Pods running on these nodes are not automatically evicted.
The upgradeStrategy drain options defined in the cluster's specification appear to have no effect on this behaviour.

This creates confusion as to why the configured drain process in the upgradeStrategy does not occur.

Cause

It is important to understand that the replacement of nodes within a Node Pool, due to an update to the node pool configuration, and the in-place upgrade of Kubernetes version/configuration are two separate processes, managed by separate controllers within Rancher.

Node Pool update draining: This process is controlled by the Kubernetes Cluster API (CAPI). It is triggered when the configuration template for a node pool is changed. This process replaces old nodes with new ones.
In this case, the draining behaviour would be managed by the " drainBeforeDelete: true" flag in the machinePools specification. If this flag is false or absent, CAPI will not drain the node before deleting it, leading to the stuck pods and "Deleting" state.

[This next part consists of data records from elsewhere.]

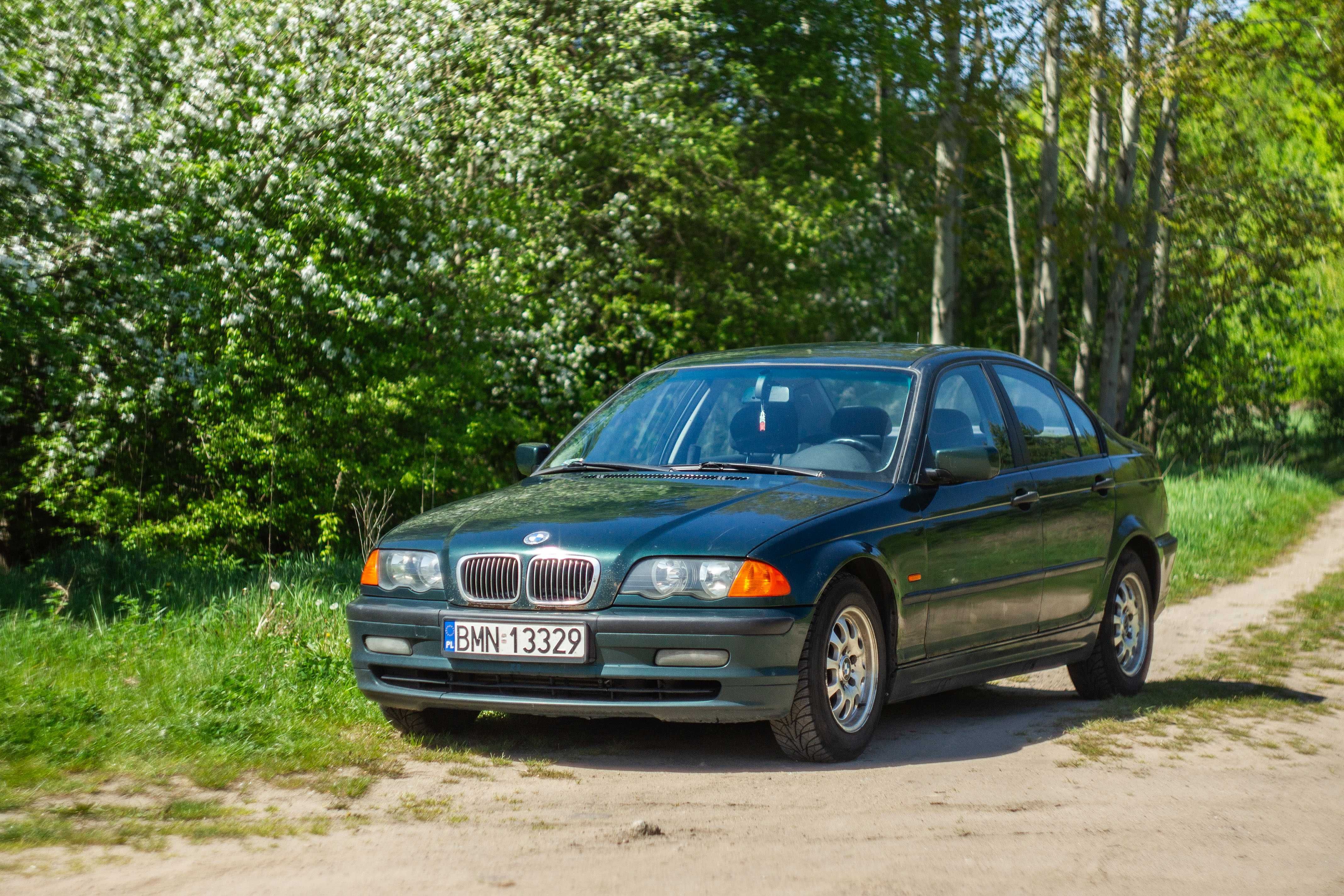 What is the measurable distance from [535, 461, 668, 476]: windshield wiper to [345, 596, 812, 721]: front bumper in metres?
1.21

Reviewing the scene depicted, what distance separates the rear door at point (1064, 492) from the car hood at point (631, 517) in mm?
1379

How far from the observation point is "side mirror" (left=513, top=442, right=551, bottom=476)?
7336 mm

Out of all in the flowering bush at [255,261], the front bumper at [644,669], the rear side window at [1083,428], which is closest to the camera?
the front bumper at [644,669]

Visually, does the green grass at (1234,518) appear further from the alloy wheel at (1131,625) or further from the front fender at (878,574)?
the front fender at (878,574)

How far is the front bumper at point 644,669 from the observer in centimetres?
557

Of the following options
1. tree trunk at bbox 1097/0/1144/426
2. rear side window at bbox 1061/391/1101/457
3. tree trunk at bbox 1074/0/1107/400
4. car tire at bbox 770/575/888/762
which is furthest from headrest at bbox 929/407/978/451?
tree trunk at bbox 1074/0/1107/400

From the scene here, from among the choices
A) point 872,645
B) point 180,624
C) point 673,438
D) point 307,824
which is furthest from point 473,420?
point 307,824

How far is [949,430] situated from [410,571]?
247 centimetres

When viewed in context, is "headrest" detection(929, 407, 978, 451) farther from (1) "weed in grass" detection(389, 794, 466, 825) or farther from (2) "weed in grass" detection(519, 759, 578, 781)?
(1) "weed in grass" detection(389, 794, 466, 825)

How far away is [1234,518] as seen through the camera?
59.1ft

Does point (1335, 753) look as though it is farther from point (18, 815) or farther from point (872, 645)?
point (18, 815)

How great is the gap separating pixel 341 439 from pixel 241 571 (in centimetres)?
175

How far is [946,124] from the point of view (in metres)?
22.4

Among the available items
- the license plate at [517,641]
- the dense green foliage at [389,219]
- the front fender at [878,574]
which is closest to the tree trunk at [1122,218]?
the dense green foliage at [389,219] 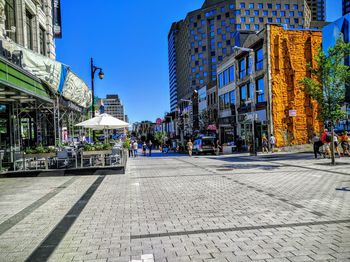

Kubernetes version/configuration update draining: This process is controlled by Rancher's upgrade controller. It reads the upgradeStrategy section in the cluster's specification. Its purpose is to manage the draining of nodes for an in-place update (e.g., upgrading the RKE2 version). The node itself is not replaced, so the underlying machine persists. It is simply cordoned, drained, updated, and un-cordoned.

The previously described problem in the situation section occurs because the node replacement is being triggered by the Node Pool update, but the system is missing the "drainBeforeDelete: true"flag.

Resolution

To ensure nodes are drained correctly during all maintenance operations, you must configure the appropriate mechanism for both processes, the Node Pool update, as well as the Kubernetes version/configuration update. These are two separate processes:

Node Pool updates: In your cluster's provisioning resource (cluster.provisioning.cattle.io), ensure every machine pool has the drainBeforeDelete flag set to true. This option is exposed under the Show Advanced section of the Machine Pools configuration, in the Edit Config view for a cluster. While this option is enabled by default when configuring a cluster via the Rancher UI, it is important to specify it explicitly when using external automated tools such as GitOps.
Kubernetes version/configuration updates: Configure your desired drain behaviour within the upgradeStrategy section of the cluster spec. This will be respected during an in-place Kubernetes version or configuration update. This option is exposed in the Update Strategy tab of the Cluster Configuration section, in the Edit Config view for a cluster.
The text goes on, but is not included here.